Segment Open
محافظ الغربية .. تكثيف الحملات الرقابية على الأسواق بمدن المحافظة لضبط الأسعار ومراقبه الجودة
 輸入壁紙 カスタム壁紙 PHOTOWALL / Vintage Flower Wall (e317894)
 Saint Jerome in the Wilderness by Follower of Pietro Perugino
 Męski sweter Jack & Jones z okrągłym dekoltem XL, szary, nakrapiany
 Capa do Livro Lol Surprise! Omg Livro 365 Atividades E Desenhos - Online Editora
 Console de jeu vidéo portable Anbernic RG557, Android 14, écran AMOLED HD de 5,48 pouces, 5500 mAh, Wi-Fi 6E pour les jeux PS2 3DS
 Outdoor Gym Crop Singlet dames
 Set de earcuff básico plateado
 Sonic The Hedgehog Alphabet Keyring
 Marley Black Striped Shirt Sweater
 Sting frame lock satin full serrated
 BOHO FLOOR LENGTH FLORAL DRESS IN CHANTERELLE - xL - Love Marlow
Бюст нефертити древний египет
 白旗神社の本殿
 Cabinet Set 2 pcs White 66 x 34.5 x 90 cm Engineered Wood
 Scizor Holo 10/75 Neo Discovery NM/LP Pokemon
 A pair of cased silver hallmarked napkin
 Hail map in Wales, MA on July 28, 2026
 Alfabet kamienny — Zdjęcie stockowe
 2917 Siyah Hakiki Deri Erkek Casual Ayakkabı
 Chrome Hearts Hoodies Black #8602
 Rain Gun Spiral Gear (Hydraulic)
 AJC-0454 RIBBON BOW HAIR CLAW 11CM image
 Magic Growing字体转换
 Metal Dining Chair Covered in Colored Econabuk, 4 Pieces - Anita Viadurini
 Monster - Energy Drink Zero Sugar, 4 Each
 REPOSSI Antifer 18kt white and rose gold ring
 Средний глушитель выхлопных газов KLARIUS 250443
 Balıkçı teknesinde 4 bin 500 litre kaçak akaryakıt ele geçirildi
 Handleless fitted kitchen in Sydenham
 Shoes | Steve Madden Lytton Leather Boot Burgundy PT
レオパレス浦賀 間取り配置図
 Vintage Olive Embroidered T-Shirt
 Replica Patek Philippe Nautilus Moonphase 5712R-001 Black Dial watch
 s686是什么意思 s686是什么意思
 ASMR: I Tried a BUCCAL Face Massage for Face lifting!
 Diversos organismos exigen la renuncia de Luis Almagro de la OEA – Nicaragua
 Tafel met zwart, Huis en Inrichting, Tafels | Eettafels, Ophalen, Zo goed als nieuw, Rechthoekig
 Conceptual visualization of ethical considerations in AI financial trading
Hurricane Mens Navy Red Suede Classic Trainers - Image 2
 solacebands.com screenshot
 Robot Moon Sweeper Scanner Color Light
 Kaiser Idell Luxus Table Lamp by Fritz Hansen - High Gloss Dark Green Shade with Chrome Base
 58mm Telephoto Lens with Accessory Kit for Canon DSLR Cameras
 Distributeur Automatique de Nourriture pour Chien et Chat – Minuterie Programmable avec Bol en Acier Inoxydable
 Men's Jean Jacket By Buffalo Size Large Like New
Segment Closed
TASK REQUIREMENTS: In the entries above, find the line holding "Saint Jerome in" and the line holding "Console de jeu", then retype exactly those two lines and every line between them, and nothing else.

WRITTEN SOLUTION:
 Saint Jerome in the Wilderness by Follower of Pietro Perugino
 Męski sweter Jack & Jones z okrągłym dekoltem XL, szary, nakrapiany
 Capa do Livro Lol Surprise! Omg Livro 365 Atividades E Desenhos - Online Editora
 Console de jeu vidéo portable Anbernic RG557, Android 14, écran AMOLED HD de 5,48 pouces, 5500 mAh, Wi-Fi 6E pour les jeux PS2 3DS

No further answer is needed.